• [How to complete this task]: I'd like the entries reproduced exactly, with the images omitted.

────────────────────

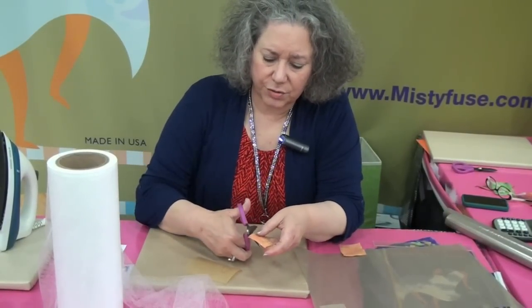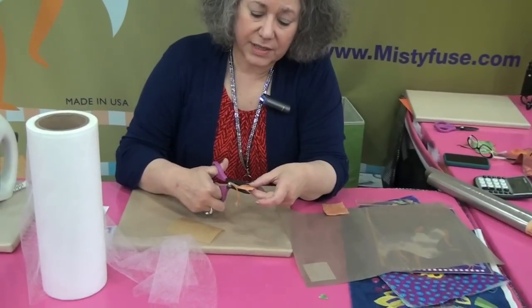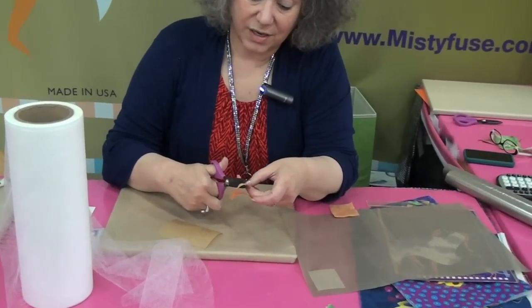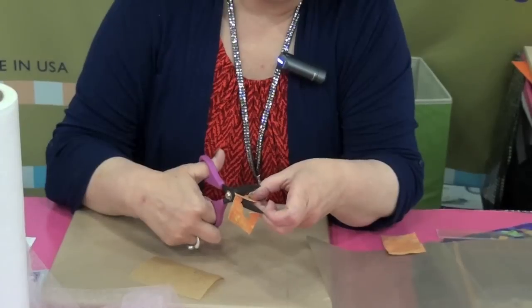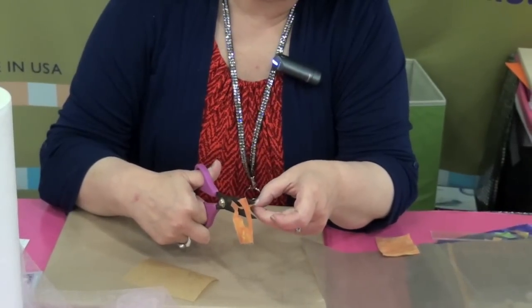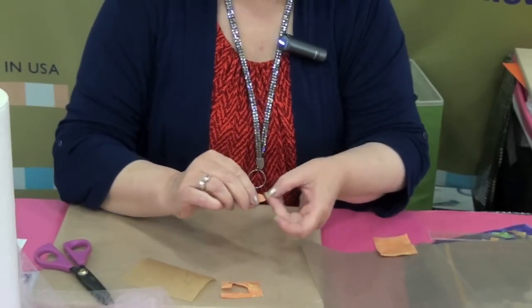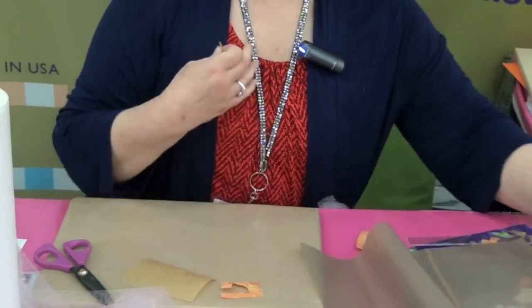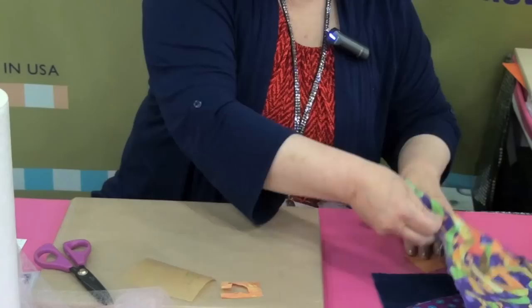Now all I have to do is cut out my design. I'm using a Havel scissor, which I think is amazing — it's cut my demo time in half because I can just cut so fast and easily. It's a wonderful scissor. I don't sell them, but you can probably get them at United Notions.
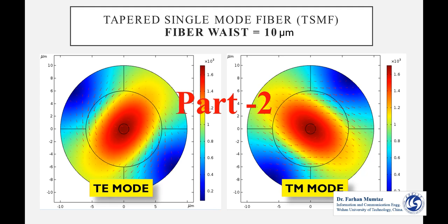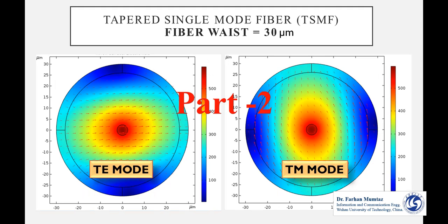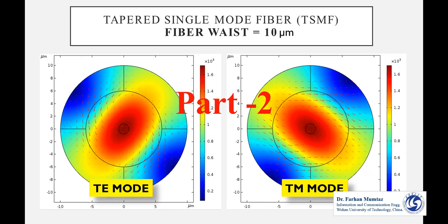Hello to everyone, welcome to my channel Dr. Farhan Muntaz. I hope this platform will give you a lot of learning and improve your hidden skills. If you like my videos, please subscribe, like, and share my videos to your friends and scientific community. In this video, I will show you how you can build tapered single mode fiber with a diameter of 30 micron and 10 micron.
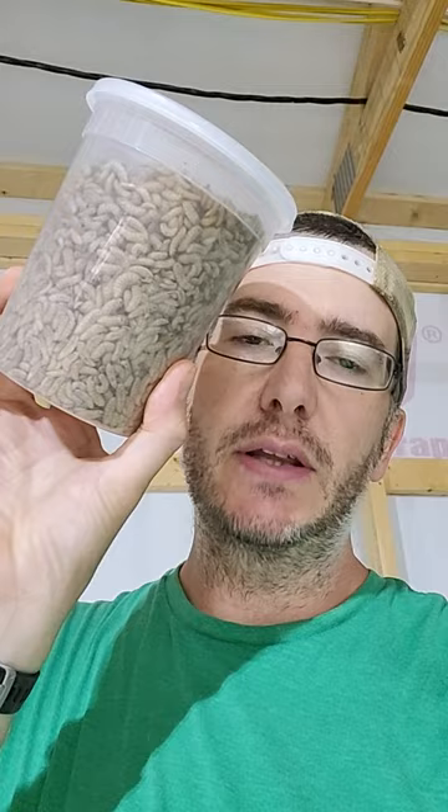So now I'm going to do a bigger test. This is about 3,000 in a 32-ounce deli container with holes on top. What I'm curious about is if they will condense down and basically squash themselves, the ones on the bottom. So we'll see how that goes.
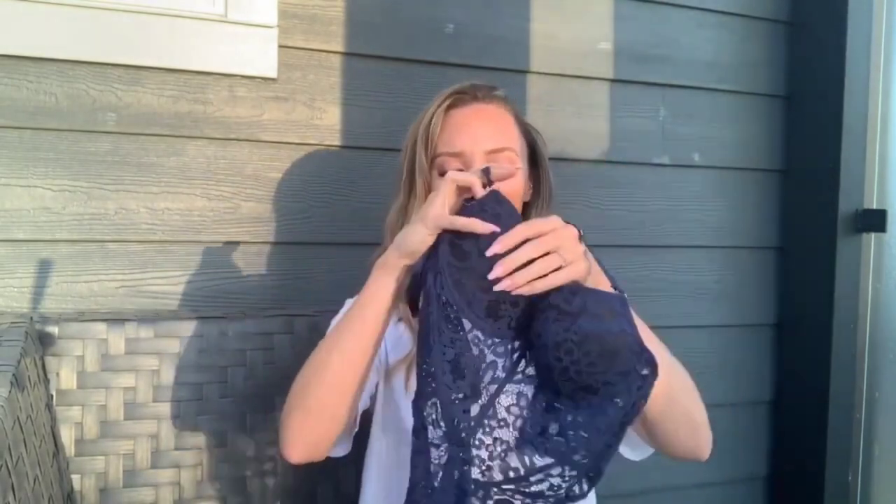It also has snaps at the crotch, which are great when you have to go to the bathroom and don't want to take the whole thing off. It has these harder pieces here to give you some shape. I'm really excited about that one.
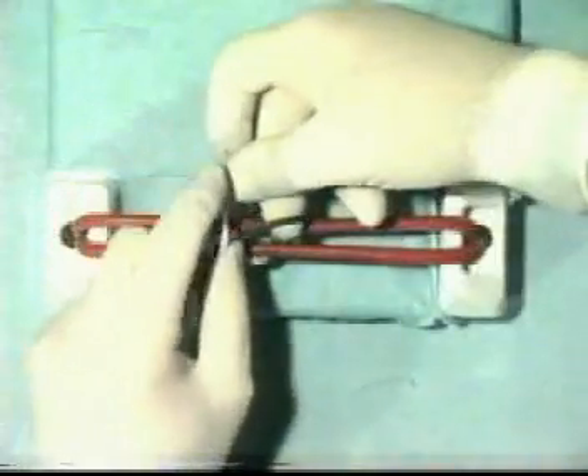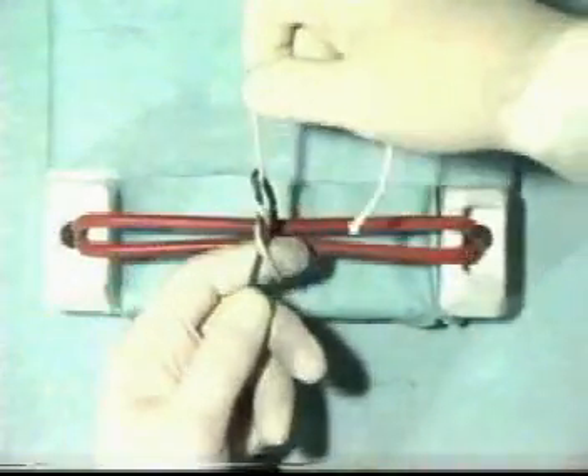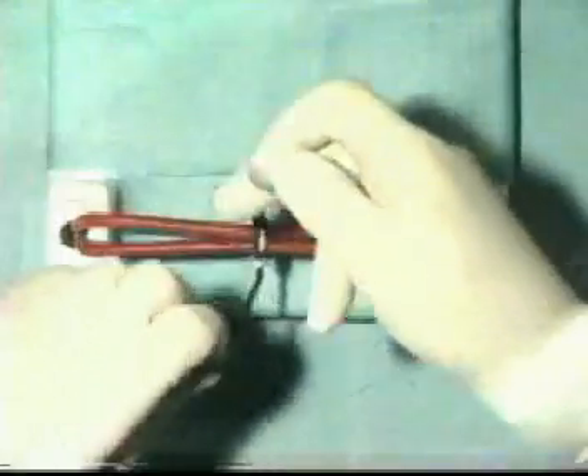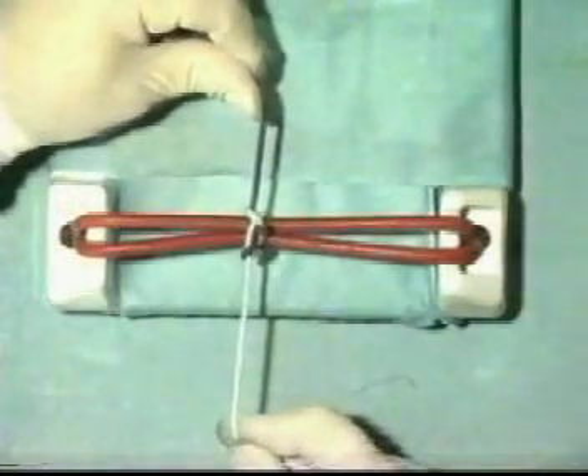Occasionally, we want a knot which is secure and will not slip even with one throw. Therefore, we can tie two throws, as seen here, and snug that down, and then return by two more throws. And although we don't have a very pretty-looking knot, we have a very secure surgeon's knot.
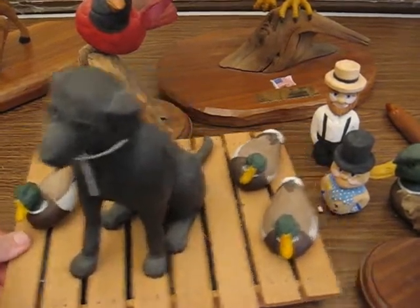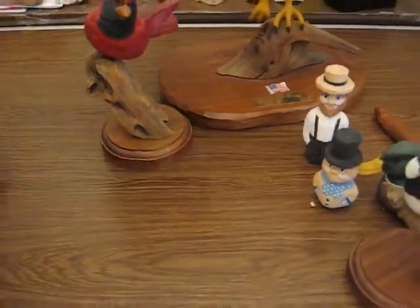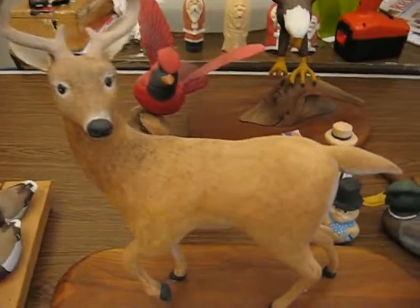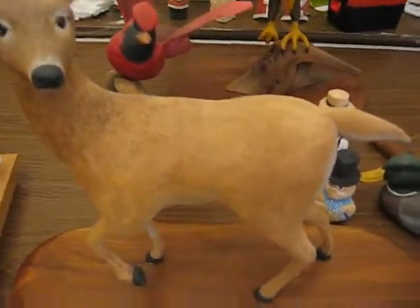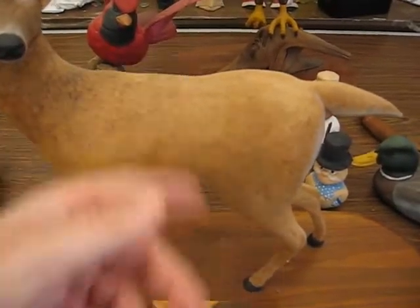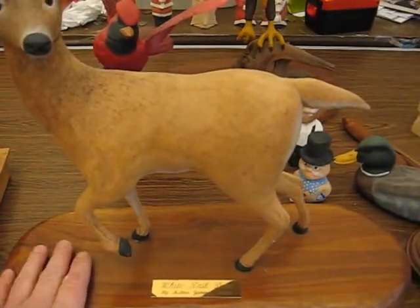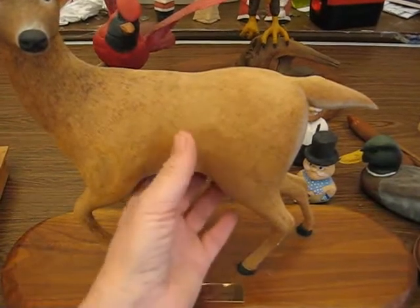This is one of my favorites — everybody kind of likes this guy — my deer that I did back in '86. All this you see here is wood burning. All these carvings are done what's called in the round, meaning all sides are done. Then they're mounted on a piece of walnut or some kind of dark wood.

────────────────────

• [Task response]:
Now all I have to do is cut out my design. I'm using a Havel scissor, which I think is amazing — it's cut my demo time in half because I can just cut so fast and easily. It's a wonderful scissor. I don't sell them, but you can probably get them at United Notions.
Hello to everyone, welcome to my channel Dr. Farhan Muntaz. I hope this platform will give you a lot of learning and improve your hidden skills. If you like my videos, please subscribe, like, and share my videos to your friends and scientific community. In this video, I will show you how you can build tapered single mode fiber with a diameter of 30 micron and 10 micron.
So now I'm going to do a bigger test. This is about 3,000 in a 32-ounce deli container with holes on top. What I'm curious about is if they will condense down and basically squash themselves, the ones on the bottom. So we'll see how that goes.
It also has snaps at the crotch, which are great when you have to go to the bathroom and don't want to take the whole thing off. It has these harder pieces here to give you some shape. I'm really excited about that one.
Occasionally, we want a knot which is secure and will not slip even with one throw. Therefore, we can tie two throws, as seen here, and snug that down, and then return by two more throws. And although we don't have a very pretty-looking knot, we have a very secure surgeon's knot.
This is one of my favorites — everybody kind of likes this guy — my deer that I did back in '86. All this you see here is wood burning. All these carvings are done what's called in the round, meaning all sides are done. Then they're mounted on a piece of walnut or some kind of dark wood.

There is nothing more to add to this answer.